# Task
Using the records that follow, reproduce exactly the lines starting at the line containing "The first thing, the" and ending at the line containing "That's done. Apply". Include both end lines and no pictures.

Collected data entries
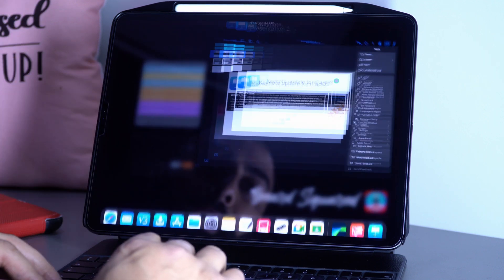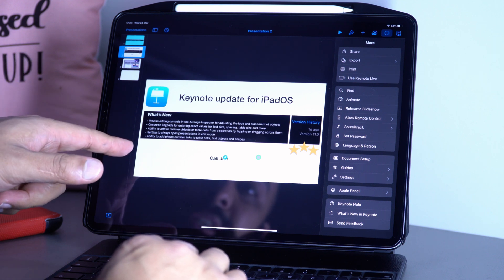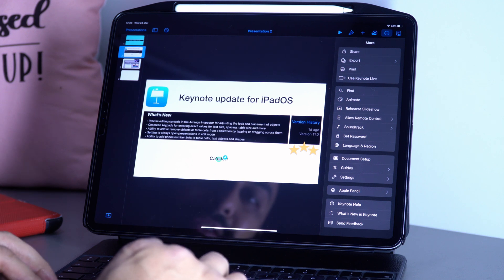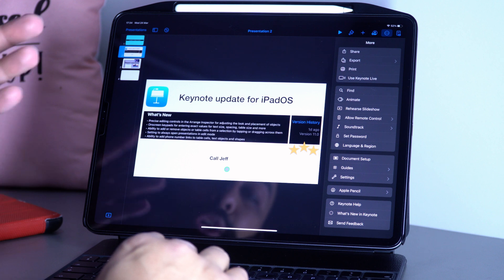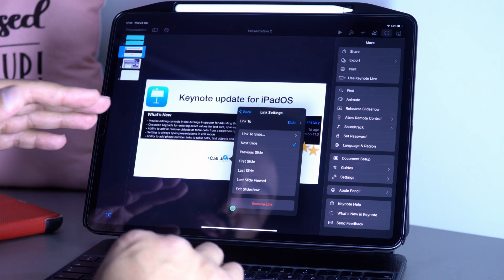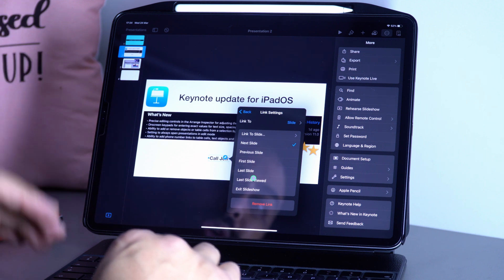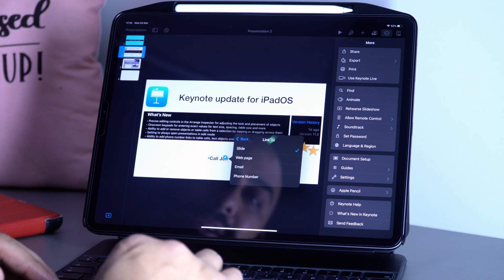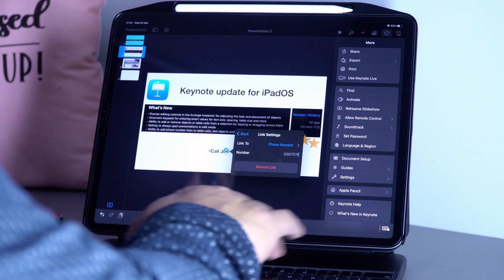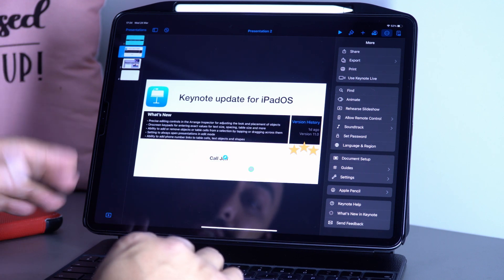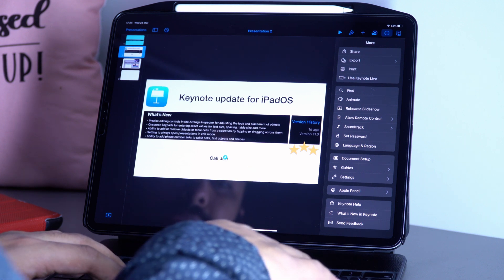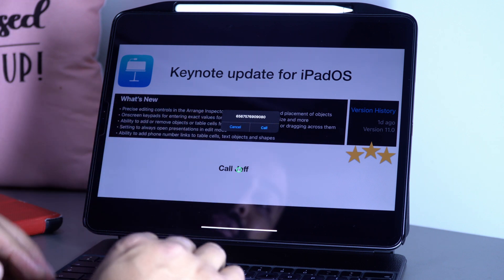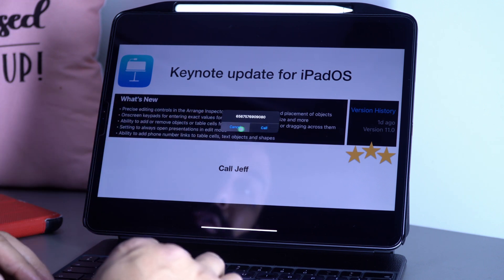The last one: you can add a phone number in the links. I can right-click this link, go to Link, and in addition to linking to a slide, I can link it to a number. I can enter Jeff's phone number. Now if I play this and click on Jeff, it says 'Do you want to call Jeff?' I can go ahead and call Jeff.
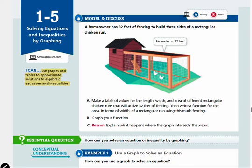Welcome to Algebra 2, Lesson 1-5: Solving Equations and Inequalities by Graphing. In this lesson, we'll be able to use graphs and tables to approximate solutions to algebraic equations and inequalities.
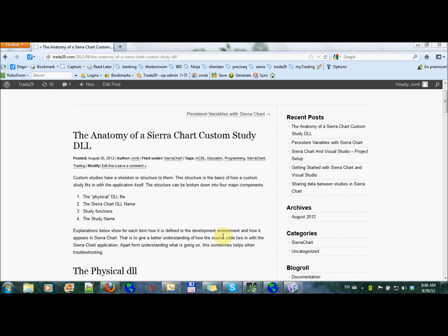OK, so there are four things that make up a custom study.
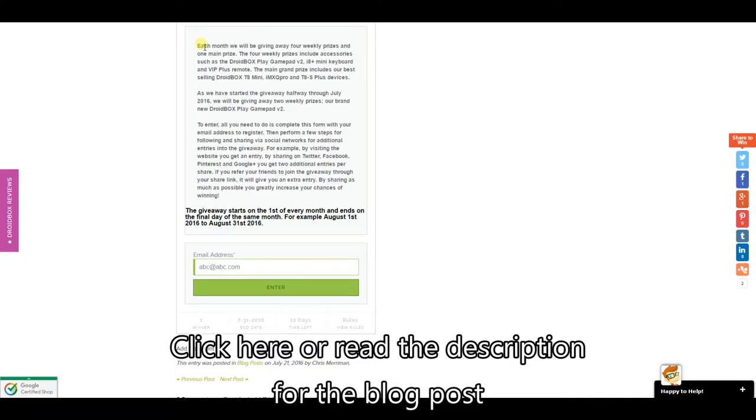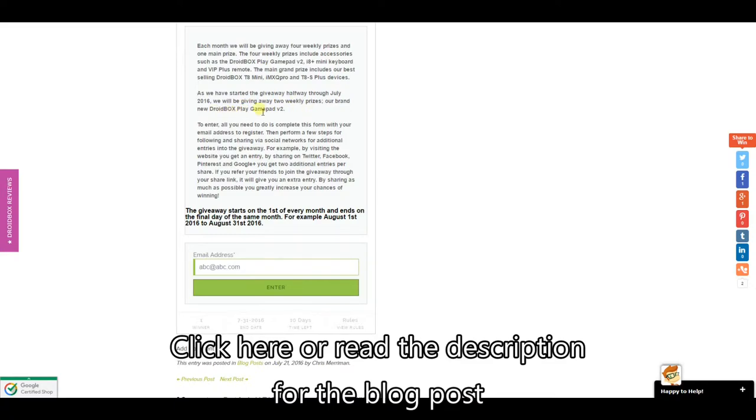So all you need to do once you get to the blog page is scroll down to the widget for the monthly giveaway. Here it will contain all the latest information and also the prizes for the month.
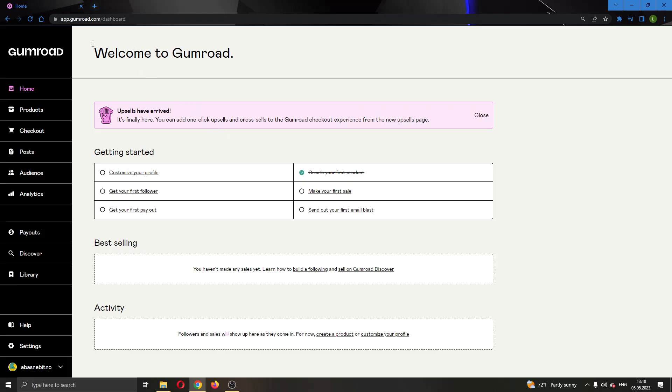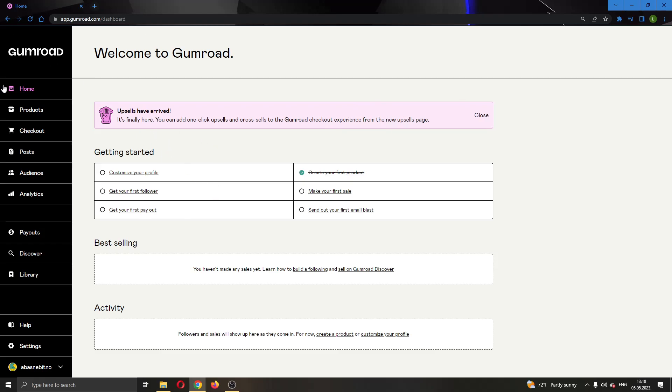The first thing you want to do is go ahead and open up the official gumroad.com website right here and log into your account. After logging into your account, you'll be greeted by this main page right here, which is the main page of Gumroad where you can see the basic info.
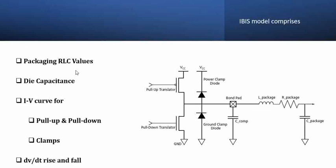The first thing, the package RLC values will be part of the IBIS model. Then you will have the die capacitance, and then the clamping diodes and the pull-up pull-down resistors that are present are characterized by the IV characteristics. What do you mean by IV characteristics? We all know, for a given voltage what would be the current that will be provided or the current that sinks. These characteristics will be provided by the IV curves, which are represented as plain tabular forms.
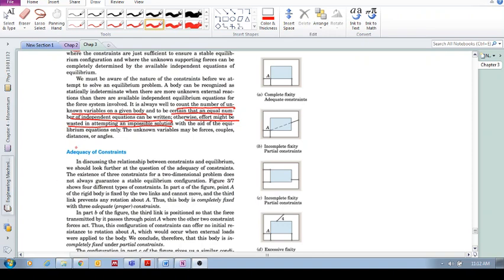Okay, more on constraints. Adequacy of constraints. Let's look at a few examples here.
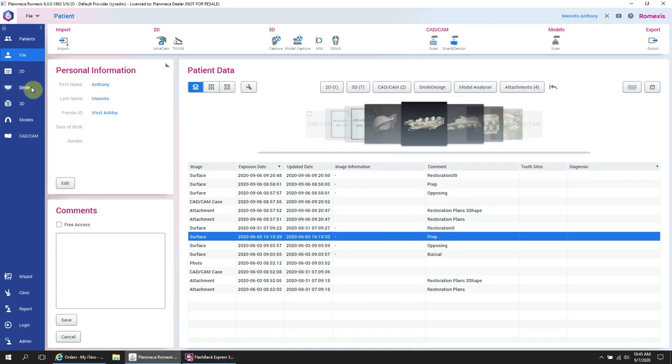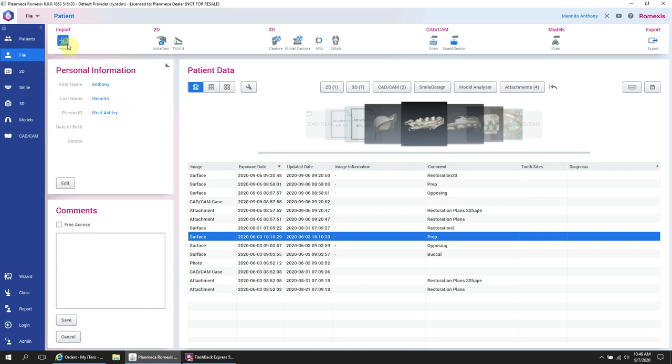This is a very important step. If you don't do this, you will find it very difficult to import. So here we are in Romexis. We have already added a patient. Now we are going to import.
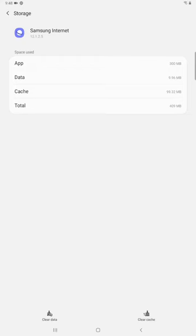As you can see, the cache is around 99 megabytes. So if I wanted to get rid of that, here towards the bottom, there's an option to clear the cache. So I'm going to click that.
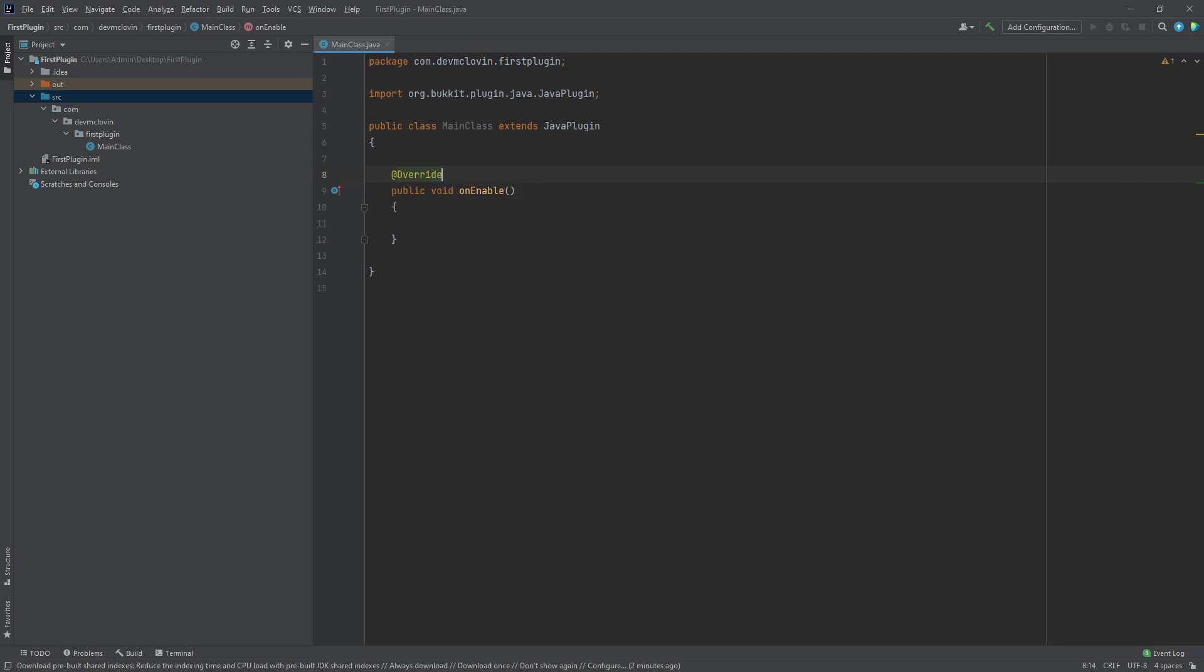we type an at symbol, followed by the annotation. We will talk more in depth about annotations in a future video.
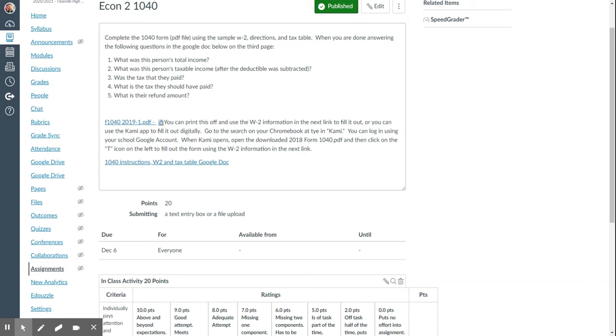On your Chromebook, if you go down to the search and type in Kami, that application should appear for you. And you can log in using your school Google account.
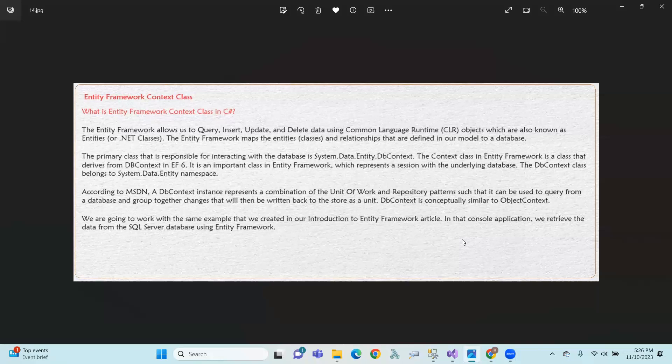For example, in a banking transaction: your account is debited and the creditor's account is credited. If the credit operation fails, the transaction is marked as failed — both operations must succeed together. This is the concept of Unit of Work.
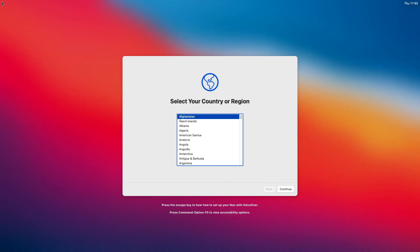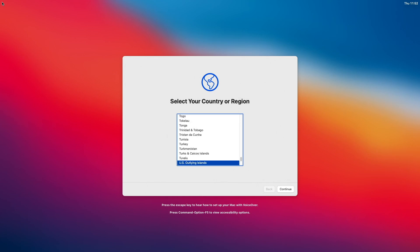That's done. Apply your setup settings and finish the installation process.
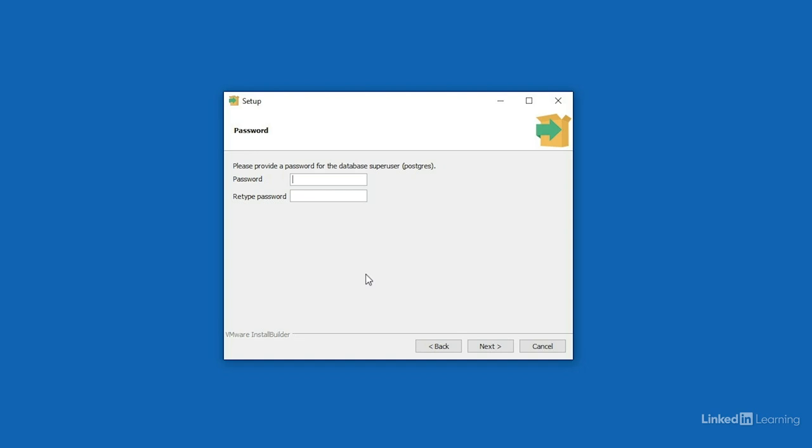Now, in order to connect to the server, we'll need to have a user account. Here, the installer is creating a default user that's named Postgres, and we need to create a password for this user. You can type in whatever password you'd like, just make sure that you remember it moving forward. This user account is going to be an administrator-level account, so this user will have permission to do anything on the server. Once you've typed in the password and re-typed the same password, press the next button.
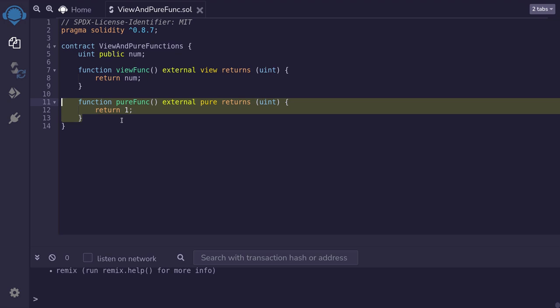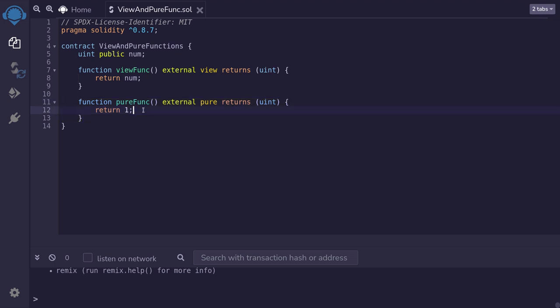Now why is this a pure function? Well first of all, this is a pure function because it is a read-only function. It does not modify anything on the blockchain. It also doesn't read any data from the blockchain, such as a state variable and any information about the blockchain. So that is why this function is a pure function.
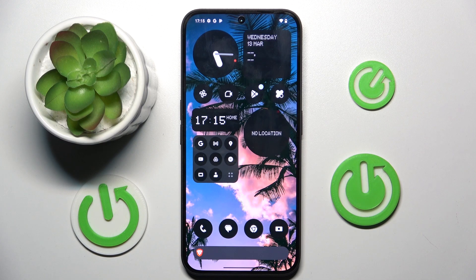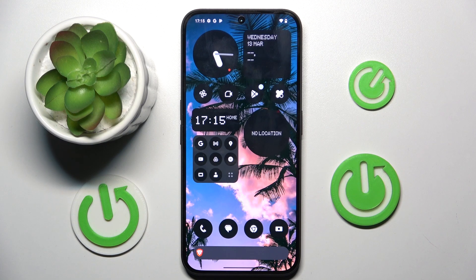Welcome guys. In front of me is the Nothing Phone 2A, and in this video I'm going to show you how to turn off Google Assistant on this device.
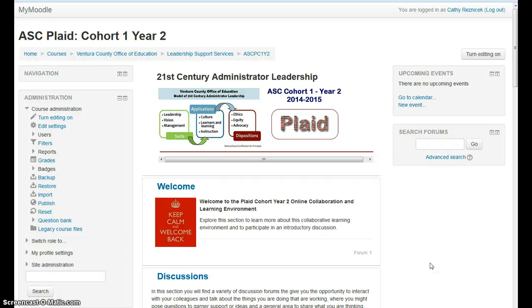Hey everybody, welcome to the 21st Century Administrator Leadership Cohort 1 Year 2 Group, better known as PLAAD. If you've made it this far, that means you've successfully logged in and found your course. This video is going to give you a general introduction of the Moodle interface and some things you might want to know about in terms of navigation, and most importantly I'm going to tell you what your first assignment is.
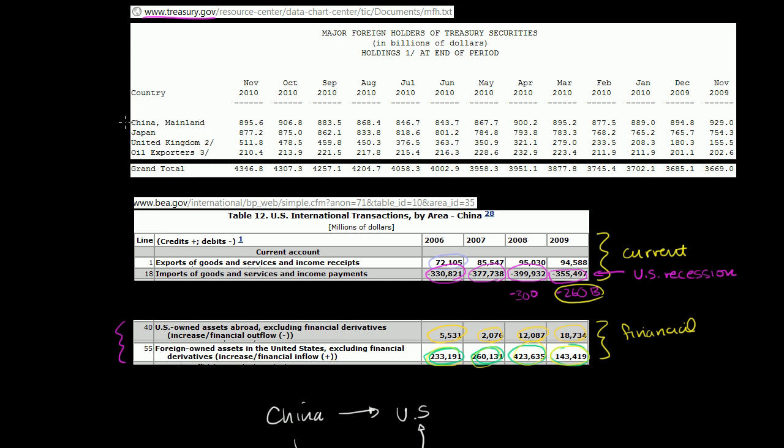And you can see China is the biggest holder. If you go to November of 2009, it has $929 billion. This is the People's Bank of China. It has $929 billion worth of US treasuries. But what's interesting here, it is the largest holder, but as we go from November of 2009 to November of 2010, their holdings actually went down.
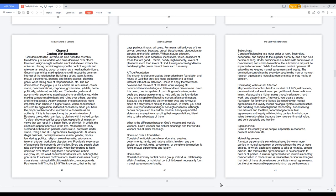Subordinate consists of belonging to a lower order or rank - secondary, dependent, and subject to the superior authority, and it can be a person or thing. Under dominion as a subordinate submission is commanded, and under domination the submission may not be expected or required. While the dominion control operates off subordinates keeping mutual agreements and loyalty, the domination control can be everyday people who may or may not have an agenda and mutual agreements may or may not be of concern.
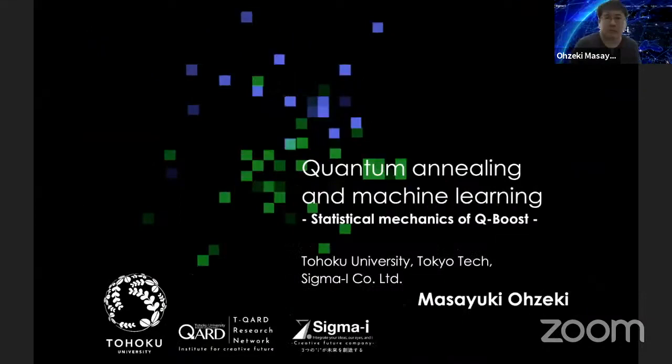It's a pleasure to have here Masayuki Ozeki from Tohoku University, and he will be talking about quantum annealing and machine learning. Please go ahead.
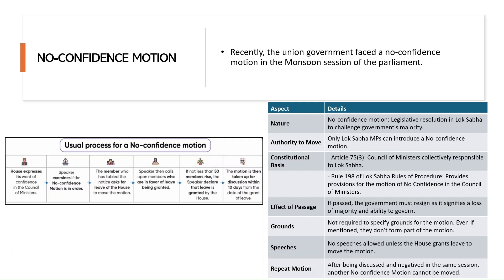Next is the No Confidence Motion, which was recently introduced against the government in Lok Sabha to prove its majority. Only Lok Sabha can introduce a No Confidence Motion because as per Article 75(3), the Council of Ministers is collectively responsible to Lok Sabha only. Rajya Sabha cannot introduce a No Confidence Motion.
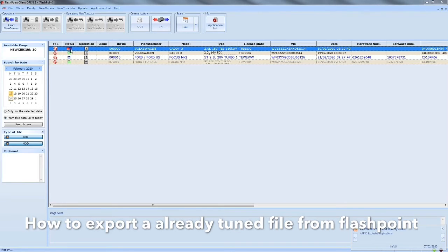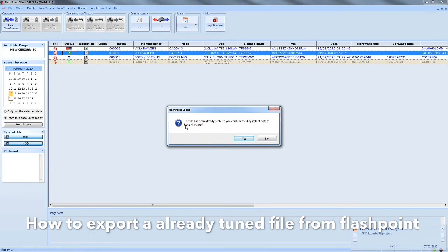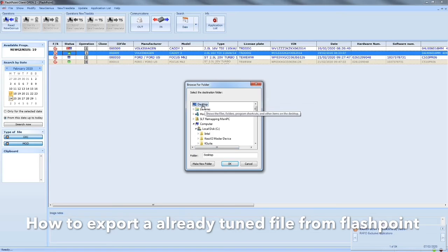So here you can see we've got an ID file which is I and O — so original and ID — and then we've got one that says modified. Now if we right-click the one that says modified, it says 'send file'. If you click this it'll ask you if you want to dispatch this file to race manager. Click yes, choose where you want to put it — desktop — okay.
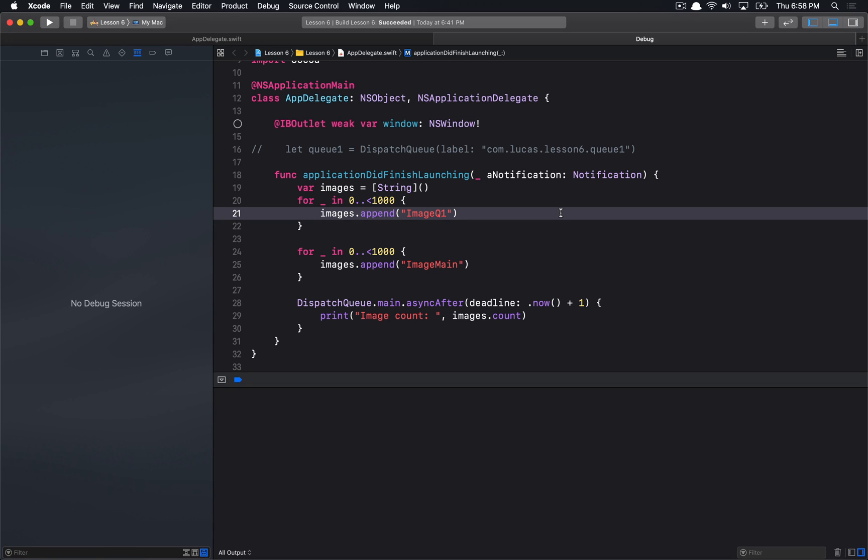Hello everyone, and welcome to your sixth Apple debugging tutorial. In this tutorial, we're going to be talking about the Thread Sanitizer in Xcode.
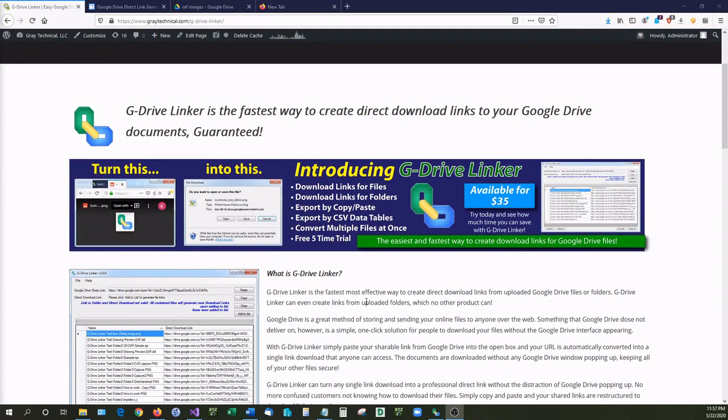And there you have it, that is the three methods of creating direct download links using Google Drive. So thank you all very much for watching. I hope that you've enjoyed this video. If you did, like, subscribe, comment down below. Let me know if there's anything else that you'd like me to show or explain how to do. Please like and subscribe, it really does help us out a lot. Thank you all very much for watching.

# Written answer
The first thing, the package RLC values will be part of the IBIS model. Then you will have the die capacitance, and then the clamping diodes and the pull-up pull-down resistors that are present are characterized by the IV characteristics. What do you mean by IV characteristics? We all know, for a given voltage what would be the current that will be provided or the current that sinks. These characteristics will be provided by the IV curves, which are represented as plain tabular forms.
Okay, more on constraints. Adequacy of constraints. Let's look at a few examples here.
This is a very important step. If you don't do this, you will find it very difficult to import. So here we are in Romexis. We have already added a patient. Now we are going to import.
As you can see, the cache is around 99 megabytes. So if I wanted to get rid of that, here towards the bottom, there's an option to clear the cache. So I'm going to click that.
we type an at symbol, followed by the annotation. We will talk more in depth about annotations in a future video.
On your Chromebook, if you go down to the search and type in Kami, that application should appear for you. And you can log in using your school Google account.
For example, in a banking transaction: your account is debited and the creditor's account is credited. If the credit operation fails, the transaction is marked as failed — both operations must succeed together. This is the concept of Unit of Work.
That's done. Apply your setup settings and finish the installation process.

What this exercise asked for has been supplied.